#58: Lawrence of Arabia 
Lawrence of Arabia is precisely what my blog is all about: it typifies the epic movie genre and that’s precisely what I envisioned watching as I embarked on the challenge. For someone like me, it takes a faceless horde of followers to pressure me into sitting still for 222 minutes at one time (I still didn’t quite manage it though, nearly fainting from hunger in the attempt. A brief recess of half a day was called).
Lawrence of Arabia delivers wonderfully as an epic film, with director David Lean offering the viewer astounding long shots of the Jordan desert in all its breathtaking natural beauty. At least, this is what Maurice Jarre’s physically powerful soundtrack encourages us to feel - to me it all looks morosely arid. Even better, there are numerous battle scenes, each conveying notably different ideas on war. Aside from loving all the “meaning”, I couldn’t suppress adding my own ‘Aie! Aie!’ to the dramatic cavalry charges.
The plot follows the life of T. E. Lawrence (Peter O’Toole), a British officer whose involvement in the Arab revolution against their Ottoman oppressors during WW1 is the stuff of legend. The drama, intrigue and personalities which the film attempts to portray, courageously I might add, fills many a volume of history. Stepping out with this interpretation of Lawrence’s legend is therefore a significantly bold move on the part of producer Sam Spiegel and director David Lean. Unfortunately for them, historians and biographers the world over have questioned the historicity of Lawrence of Arabia the film. As you’re probably aware by now, I’m more concerned with the ideas and emotions a movie explores than the plot itself, so I won’t bore you with an investigation into Lawrence of Arabia’s historical accuracy, you’ll be pleased to hear.

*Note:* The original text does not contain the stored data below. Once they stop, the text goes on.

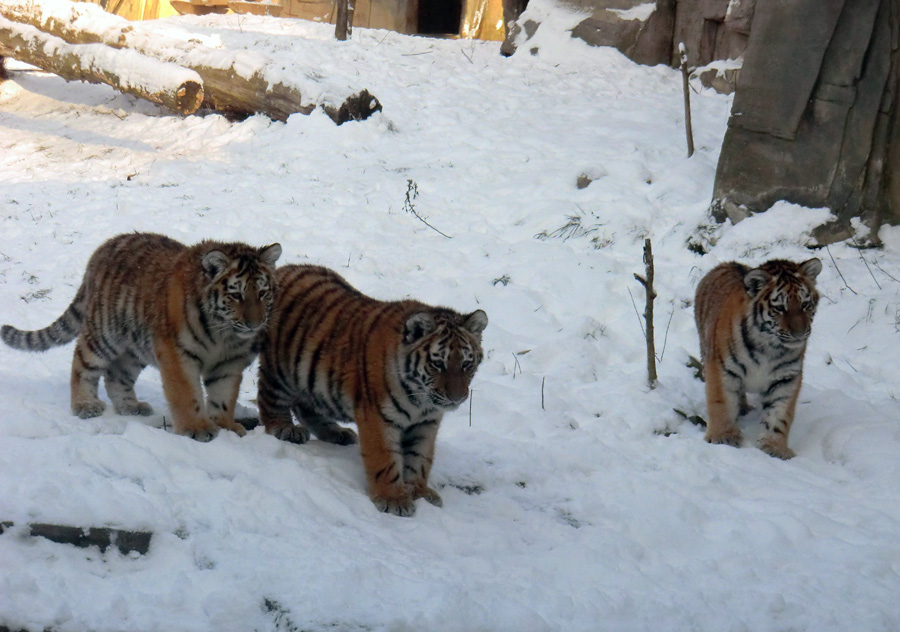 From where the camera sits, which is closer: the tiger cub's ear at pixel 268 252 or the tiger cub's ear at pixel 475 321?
the tiger cub's ear at pixel 475 321

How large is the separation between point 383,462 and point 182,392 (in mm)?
973

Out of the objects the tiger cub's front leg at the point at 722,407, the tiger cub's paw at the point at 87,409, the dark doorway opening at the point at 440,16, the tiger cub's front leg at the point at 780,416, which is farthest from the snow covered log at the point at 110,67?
the dark doorway opening at the point at 440,16

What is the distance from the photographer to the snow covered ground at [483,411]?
2982 mm

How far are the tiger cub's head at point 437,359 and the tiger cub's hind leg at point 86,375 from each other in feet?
5.33

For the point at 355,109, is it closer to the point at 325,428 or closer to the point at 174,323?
the point at 325,428

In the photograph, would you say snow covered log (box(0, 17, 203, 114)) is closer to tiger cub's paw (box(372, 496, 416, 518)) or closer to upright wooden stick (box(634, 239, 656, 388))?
upright wooden stick (box(634, 239, 656, 388))

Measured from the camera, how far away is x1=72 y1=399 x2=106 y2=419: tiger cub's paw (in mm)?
4281

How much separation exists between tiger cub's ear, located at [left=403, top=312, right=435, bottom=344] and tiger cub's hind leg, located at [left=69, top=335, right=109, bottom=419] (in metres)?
1.63

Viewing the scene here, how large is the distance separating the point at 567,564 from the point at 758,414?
2.39m

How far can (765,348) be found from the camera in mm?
4812

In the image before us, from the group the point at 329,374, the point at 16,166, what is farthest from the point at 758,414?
the point at 16,166

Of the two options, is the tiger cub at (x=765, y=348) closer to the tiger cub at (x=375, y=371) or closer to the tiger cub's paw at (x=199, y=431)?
the tiger cub at (x=375, y=371)

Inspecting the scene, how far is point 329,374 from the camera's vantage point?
4039 millimetres

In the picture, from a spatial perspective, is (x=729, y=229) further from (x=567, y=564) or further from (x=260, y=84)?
(x=260, y=84) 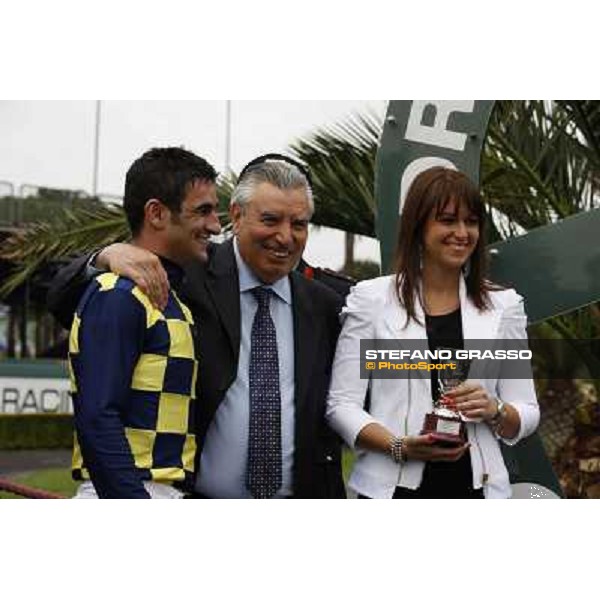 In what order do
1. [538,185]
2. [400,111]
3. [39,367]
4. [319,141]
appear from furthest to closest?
[39,367] → [538,185] → [319,141] → [400,111]

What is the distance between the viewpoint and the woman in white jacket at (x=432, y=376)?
2127 millimetres

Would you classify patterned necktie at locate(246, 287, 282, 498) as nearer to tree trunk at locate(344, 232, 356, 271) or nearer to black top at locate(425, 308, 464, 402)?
black top at locate(425, 308, 464, 402)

Like I said before, the battles are far from uniform in tone. In the taking of Aqaba, Lawrence’s first victory at the head of an the Arab charge, we’re gifted an extraordinary long shot of the storming. Watch from 1.30 and you get an idea of how the victory is Romanticised:
But then compare that with the defeat of the retreating Turks later on in the film (start from about 1.00):
Where’s the line? What makes one a glorious victory and the other a massacre?
These scenes show that the film doesn’t just plunge forward, ticking off points on the storyboard. Instead, Spiegel and Lean were much more interested in the complexities of Lawrence himself. O’Toole was previously relatively unknown to the public audience, and yet his performance gives the much needed depth which this character requires. At times an insufferable egotist, at others weighed down by crises of confidence, alternatively compassionate, daring, bloodthirsty, British officer and Arab army commander, Lawrence is an enigmatic hero. Of course, this humanity and mystery all lends itself to the legendary aspect of his character, but it can be tiring to follow.

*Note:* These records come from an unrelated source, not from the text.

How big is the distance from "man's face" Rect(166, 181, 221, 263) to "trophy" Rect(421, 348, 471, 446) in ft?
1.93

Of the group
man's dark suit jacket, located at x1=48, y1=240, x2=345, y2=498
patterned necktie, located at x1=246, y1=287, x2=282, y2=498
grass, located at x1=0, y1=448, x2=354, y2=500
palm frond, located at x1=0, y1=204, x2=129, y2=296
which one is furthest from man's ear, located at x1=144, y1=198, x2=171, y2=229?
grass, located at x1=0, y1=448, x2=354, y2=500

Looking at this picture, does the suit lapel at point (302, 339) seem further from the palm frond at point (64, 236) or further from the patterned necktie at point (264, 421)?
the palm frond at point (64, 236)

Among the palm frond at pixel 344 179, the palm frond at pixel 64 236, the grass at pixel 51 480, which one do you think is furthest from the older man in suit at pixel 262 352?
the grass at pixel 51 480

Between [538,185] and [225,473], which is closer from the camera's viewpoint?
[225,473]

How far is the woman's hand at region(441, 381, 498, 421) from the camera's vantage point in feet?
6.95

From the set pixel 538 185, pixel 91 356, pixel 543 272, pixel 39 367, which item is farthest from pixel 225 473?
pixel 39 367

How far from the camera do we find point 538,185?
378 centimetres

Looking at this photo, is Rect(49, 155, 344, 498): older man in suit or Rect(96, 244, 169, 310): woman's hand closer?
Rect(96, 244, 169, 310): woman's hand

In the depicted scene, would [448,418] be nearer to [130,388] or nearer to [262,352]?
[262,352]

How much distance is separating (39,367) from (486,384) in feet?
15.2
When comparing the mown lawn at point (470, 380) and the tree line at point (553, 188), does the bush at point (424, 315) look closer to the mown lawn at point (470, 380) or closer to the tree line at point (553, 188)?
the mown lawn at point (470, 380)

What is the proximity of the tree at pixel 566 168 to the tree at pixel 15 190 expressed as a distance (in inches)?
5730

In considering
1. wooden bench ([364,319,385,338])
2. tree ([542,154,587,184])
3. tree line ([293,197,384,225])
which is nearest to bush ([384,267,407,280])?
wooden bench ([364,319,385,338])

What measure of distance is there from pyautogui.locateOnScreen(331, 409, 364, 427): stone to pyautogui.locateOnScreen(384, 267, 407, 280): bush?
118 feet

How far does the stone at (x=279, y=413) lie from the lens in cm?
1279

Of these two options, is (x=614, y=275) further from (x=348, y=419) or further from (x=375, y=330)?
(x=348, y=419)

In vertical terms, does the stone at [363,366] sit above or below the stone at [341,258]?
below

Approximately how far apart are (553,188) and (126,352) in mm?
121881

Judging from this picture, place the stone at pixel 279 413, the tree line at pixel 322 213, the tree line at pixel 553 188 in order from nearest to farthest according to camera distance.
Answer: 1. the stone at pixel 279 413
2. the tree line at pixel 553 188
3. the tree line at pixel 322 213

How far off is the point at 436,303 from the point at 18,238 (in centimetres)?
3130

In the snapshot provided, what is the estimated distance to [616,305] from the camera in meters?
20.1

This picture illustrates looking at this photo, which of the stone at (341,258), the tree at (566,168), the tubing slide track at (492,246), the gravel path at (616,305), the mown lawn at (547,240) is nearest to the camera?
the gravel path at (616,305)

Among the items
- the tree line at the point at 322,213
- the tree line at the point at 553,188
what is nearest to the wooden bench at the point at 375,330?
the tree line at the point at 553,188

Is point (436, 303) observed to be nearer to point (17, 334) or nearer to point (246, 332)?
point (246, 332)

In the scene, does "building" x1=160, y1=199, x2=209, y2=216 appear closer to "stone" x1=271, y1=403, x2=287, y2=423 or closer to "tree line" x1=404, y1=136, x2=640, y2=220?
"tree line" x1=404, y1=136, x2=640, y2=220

It appears to be tiring for Lawrence as well, what with all the blank-faced staring into the distance. This usually follows a traumatic experience, the most powerful example of this being when he stares blankly over the Suez Canal after having lost his servant in the desert. But, the focus is switched from the grizzly death back onto the question of Lawrence’s identity, as a British soldier cries repeatedly over the water ‘Who are you?’. Between his loyalties to his Arab friends and his British patriotism, he doesn’t seem to know. I suppose that’s what makes this film stand out, and what redeems its worrying portrayal of Arabs: its nuanced exploration of Lawrence as a less-than-average hero. Starting the film with his infamously pointless death emphasises his mortality, a focus which Spiegel and Lean maintain by repeatedly smashing his pedestal to pieces.
Basically? Watch this film if you’re not a pedant about history, not easily offended by racial stereotypes, do like a multi-faceted hero and fancy a bit of desert bloodlust.